Agile data science research is hard, how can you give a time estimation when you are not sure that your problem is solvable? how can you plan your sprint before looking at the data? You probably can’t. Agile data science requires many adjustments, In this post, I am going to share some of the best practices that work best for me for agile data science research.
Set the project goals
Every machine learning project should start by defining the goals of the project. We must define what is a good result in order to know when to stop the research and move forward to the next problem. This phase is usually done with the business stakeholders.
The goal is defined by 3 questions:
- What is the KPI that we are optimizing? This is maybe the most important question in the project, the KPI must be measurable with a test set but also as correlative as possible to the business KPI.
- What is the evaluation method? What is the size of the test-set? Do we need time series split/group split? Do we need an online test?
- What is the minimum valuable KPI? Sometimes the machine learning model will replace some simple heuristic an even 65% percent accuracy will be very valuable for the business. We need to define what is a success.

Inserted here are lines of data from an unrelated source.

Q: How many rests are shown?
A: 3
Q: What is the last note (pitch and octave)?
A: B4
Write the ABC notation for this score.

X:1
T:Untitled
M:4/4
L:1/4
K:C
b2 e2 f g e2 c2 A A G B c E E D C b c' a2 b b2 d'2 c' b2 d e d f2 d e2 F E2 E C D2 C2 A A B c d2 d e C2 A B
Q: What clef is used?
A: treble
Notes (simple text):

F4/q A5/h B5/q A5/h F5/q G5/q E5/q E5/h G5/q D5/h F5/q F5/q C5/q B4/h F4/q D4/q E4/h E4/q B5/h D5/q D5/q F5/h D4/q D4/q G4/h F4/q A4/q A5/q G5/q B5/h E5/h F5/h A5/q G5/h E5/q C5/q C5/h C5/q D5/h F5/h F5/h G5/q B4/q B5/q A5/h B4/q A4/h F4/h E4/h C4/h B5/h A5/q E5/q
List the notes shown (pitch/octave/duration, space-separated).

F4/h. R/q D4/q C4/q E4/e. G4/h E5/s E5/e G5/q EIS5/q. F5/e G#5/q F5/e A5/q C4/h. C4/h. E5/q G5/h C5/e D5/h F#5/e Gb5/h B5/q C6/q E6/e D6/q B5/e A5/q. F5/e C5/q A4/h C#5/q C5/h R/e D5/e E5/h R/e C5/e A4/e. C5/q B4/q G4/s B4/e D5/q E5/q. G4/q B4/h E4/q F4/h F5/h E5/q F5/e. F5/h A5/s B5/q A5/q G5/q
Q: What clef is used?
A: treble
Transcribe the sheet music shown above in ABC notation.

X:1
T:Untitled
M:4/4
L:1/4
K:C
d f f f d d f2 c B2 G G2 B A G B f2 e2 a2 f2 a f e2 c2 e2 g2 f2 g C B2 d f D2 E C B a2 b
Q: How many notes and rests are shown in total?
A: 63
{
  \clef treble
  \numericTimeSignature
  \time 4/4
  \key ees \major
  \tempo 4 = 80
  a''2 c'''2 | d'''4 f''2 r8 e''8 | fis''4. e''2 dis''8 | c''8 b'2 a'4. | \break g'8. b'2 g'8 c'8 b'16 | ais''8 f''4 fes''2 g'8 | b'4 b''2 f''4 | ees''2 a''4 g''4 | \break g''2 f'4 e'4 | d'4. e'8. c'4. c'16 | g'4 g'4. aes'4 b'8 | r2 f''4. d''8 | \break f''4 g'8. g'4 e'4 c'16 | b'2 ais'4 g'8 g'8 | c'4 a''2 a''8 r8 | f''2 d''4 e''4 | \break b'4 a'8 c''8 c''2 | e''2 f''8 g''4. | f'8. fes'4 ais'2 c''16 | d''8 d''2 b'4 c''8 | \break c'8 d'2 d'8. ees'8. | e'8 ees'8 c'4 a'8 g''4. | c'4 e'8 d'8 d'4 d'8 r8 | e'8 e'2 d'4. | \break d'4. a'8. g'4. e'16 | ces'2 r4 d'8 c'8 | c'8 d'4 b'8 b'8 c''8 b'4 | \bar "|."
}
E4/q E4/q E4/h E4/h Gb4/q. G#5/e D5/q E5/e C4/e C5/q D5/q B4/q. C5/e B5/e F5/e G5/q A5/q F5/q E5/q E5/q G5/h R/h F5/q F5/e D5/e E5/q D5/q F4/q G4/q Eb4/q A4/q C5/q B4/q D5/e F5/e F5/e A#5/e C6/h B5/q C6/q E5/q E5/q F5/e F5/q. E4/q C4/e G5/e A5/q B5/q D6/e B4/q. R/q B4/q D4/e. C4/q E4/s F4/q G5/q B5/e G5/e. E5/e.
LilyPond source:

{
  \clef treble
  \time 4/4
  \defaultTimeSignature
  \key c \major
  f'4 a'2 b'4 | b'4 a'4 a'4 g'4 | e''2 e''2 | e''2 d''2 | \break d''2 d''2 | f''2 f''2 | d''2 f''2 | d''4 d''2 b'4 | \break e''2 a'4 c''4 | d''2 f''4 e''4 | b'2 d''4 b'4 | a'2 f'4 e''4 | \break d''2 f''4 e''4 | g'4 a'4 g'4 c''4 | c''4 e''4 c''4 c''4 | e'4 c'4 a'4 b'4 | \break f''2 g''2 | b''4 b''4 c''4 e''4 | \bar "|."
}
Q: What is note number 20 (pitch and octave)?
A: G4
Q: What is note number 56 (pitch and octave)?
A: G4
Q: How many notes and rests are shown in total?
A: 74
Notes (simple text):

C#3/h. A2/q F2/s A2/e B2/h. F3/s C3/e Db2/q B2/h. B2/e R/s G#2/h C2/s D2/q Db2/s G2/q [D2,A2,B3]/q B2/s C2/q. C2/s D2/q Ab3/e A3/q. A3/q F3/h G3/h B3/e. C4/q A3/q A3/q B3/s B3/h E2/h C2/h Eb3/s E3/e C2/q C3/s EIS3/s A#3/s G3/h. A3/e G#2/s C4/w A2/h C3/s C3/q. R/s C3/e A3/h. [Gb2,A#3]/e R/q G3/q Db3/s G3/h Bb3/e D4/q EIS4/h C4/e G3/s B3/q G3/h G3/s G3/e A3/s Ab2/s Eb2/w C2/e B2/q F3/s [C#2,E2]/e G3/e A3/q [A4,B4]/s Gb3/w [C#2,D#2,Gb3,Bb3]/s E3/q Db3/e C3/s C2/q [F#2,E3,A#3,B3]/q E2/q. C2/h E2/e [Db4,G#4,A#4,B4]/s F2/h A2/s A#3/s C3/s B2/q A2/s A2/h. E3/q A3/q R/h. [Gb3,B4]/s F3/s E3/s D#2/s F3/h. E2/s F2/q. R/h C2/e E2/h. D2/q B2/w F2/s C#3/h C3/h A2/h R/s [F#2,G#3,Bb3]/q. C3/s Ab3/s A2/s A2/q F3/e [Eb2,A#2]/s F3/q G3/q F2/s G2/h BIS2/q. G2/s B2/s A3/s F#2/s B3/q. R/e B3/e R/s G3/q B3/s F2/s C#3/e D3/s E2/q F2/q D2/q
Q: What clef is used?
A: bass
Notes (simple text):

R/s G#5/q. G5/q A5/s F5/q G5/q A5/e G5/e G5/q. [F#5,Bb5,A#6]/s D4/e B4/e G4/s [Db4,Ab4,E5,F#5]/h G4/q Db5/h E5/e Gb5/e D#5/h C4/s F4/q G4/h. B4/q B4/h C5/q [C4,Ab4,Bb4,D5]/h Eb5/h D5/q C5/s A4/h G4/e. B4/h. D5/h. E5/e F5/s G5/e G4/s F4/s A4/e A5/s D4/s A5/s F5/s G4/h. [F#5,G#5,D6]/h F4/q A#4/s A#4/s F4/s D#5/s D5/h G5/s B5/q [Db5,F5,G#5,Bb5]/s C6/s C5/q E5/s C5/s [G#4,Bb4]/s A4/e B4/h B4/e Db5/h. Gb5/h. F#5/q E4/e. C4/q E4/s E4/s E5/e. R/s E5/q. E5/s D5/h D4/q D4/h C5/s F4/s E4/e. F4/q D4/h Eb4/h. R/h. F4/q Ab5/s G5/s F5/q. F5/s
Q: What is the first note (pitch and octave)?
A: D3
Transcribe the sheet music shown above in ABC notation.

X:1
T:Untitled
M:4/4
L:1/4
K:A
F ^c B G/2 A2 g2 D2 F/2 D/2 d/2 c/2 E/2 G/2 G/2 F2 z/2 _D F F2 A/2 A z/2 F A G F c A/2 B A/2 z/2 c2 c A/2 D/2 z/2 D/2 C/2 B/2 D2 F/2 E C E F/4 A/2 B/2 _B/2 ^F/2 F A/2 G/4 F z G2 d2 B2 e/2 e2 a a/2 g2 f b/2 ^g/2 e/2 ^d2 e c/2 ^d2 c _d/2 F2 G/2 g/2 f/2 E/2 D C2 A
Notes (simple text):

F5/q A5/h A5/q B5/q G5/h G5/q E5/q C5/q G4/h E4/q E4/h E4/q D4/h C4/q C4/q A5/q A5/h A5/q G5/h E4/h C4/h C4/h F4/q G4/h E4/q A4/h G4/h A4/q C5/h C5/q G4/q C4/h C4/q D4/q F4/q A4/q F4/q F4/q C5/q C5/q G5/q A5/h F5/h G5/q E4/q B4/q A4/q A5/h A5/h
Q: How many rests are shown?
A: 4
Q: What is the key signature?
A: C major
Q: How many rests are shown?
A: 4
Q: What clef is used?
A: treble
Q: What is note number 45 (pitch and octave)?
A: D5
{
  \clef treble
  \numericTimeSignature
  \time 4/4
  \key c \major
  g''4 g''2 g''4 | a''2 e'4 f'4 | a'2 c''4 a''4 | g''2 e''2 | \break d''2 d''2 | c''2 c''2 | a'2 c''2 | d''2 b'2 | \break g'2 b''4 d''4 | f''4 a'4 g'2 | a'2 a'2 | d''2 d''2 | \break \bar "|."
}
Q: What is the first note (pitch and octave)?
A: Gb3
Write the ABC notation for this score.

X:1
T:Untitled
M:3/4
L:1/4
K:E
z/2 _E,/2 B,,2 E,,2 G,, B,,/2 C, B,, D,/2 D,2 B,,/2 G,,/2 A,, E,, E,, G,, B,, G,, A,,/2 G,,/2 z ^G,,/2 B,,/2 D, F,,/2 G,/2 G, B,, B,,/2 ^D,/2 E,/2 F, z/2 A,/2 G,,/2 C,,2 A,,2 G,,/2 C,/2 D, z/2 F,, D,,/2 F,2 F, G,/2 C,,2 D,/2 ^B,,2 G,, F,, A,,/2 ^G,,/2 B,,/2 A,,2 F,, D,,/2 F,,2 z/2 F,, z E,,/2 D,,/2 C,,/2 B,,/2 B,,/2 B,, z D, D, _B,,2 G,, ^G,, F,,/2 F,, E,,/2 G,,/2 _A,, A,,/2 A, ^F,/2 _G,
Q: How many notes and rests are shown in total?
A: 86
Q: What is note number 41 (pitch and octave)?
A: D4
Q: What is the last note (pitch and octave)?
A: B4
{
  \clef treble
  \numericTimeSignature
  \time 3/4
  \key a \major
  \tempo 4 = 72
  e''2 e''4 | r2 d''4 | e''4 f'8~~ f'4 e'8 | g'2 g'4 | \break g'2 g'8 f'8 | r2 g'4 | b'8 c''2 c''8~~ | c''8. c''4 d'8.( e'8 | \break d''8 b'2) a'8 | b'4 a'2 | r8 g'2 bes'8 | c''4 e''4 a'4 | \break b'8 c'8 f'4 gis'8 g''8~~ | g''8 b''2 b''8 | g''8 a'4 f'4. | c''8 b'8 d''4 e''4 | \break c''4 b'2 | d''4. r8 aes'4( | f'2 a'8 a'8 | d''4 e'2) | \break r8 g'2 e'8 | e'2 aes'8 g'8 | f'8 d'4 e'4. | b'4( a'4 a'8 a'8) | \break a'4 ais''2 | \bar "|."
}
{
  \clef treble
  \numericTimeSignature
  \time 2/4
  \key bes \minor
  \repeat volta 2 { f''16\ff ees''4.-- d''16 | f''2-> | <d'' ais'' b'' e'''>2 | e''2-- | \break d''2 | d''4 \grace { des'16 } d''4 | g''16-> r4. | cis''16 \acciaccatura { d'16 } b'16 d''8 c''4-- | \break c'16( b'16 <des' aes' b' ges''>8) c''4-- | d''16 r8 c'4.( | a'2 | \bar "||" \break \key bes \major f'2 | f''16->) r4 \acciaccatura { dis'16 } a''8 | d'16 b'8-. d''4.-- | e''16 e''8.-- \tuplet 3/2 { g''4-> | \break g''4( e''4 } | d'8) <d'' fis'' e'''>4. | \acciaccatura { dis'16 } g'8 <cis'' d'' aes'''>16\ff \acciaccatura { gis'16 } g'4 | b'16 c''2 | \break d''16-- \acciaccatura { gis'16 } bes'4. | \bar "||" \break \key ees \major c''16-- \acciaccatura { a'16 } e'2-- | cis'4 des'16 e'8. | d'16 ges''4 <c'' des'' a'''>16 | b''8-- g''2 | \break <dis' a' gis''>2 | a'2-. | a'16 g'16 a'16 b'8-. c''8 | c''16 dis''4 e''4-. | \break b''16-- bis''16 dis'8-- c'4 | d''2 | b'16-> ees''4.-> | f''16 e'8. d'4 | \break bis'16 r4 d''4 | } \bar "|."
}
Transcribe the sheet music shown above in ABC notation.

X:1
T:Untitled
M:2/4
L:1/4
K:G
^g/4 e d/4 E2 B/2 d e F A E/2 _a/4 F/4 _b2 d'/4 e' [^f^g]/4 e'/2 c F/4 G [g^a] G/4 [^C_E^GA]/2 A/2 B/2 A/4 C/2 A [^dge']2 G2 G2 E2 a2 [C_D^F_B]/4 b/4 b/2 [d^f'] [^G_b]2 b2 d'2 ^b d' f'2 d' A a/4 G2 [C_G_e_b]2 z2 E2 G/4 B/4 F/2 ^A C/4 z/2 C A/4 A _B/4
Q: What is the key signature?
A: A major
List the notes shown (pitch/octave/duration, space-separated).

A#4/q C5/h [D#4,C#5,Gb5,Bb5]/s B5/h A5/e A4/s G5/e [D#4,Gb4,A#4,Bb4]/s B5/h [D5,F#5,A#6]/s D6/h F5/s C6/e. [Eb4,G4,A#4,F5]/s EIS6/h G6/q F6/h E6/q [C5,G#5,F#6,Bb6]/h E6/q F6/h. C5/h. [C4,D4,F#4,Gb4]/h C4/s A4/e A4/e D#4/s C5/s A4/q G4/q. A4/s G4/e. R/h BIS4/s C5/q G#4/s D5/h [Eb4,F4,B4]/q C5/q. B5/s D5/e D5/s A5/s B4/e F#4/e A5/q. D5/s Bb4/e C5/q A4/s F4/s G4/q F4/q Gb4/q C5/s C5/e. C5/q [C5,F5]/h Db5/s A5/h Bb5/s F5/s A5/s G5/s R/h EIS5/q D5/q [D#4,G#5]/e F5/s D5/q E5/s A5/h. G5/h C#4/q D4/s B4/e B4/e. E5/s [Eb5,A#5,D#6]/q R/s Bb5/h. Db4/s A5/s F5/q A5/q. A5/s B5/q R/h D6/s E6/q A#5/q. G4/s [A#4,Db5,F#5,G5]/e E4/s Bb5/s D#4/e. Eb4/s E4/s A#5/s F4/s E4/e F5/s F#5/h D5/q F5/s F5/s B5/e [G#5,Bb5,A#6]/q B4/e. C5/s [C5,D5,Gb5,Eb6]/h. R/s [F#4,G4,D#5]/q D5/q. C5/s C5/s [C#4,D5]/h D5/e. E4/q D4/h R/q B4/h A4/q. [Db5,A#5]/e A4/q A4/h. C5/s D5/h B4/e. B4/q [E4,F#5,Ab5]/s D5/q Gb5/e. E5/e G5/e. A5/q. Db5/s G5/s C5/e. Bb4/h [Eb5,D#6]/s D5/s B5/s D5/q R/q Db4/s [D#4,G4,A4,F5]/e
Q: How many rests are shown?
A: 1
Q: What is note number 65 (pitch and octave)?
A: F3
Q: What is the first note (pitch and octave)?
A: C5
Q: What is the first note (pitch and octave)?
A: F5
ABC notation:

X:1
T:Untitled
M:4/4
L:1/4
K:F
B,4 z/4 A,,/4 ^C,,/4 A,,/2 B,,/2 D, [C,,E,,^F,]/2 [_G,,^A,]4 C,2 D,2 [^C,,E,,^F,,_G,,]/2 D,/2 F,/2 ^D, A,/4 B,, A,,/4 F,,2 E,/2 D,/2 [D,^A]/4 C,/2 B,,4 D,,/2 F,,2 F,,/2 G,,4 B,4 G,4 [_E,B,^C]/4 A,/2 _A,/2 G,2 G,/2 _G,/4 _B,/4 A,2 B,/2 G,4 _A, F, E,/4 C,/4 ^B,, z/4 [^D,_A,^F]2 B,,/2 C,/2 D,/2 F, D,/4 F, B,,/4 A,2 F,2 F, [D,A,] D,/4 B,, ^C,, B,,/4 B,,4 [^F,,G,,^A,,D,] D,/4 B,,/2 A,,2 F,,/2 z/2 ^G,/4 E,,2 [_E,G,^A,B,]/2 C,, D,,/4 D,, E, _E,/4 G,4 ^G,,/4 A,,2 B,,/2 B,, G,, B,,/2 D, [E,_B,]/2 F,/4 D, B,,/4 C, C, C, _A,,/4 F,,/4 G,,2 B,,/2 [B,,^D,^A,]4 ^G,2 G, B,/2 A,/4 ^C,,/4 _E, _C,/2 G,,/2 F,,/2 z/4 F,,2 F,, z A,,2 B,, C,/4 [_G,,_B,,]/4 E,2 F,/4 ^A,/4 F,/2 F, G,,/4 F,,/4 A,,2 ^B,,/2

Always compare to a baseline model
What is a good performance is a pretty hard question which is heavily based on how hard is the problem and what are the business needs. My advice is to start your modeling by building a simple baseline model, it can be a simple machine learning model with basic features or even a business rule (heuristics) like the average label in an important category. This way we can measure our performance in comparison to the baseline and monitor our improvement in the task.
Start with a simple model
Iterations are one of the core characteristics of agile development. In a data science project, we don’t iterate on features like the engineering team, we iterate on models. Starting with a simple model with a small number of features and making it more and more complex iteratively has many advantages. You can stop at any point when your model is good enough and save time and complexity. You know exactly how every change you made has affected the model performance and this gives you intuition for your next experiments and maybe most importantly, by adding complexity iteratively you can debug your model for bugs and data leakages much easier and faster.
Plan sub-goals
Planning research projects is hard because they have a very large amount of uncertainty. From my experience, it is best to plan your projects using subgoals, for example, data exploration, data cleaning, dataset building, feature engineering, and modeling are small parts of the research that you can plan at least a few weeks forward. These sub-goals can bring value on their own without the final model. For example, after data exploration, the data scientist can bring actionable insights for the business people and data set cleaning and building can help other data scientist and analysts for their own projects immediately.
Fail fast
Failing fast is maybe my most important point and probably the hardest to do. At each iteration, you must ask yourself what is the probability that the model performance will reach the minimum valuable KPI? I think that making the model more complex iteratively really helps in this part. Adding more features and trying more models usually gives incremental improvements. If your model performance is 70% and your minimum valuable KPI is 90% you are probably not going to get there, so, you need to stop your project and move to the next problem or change something drastic like changing your label or tagging much more data. I am not saying that you shouldn’t try to solve very hard problems, just make sure that you are not wasting time on methods that probably won’t reach your project goals.
Move to production ASAP
My last advice is deploying your model in production at the earliest point or a little after the point that your model is valuable. I know that maybe your final model will have totally different features and a lot of the work will be wasted. But, first, your model gives value, why wait? Secondly and more importantly, in many cases, the production has its own constraints, some features are not available at the production systems, some features are in different formats, maybe your model is to slow or uses to much RAM etc. Solving these problems early can save a lot of unrealistic modeling time.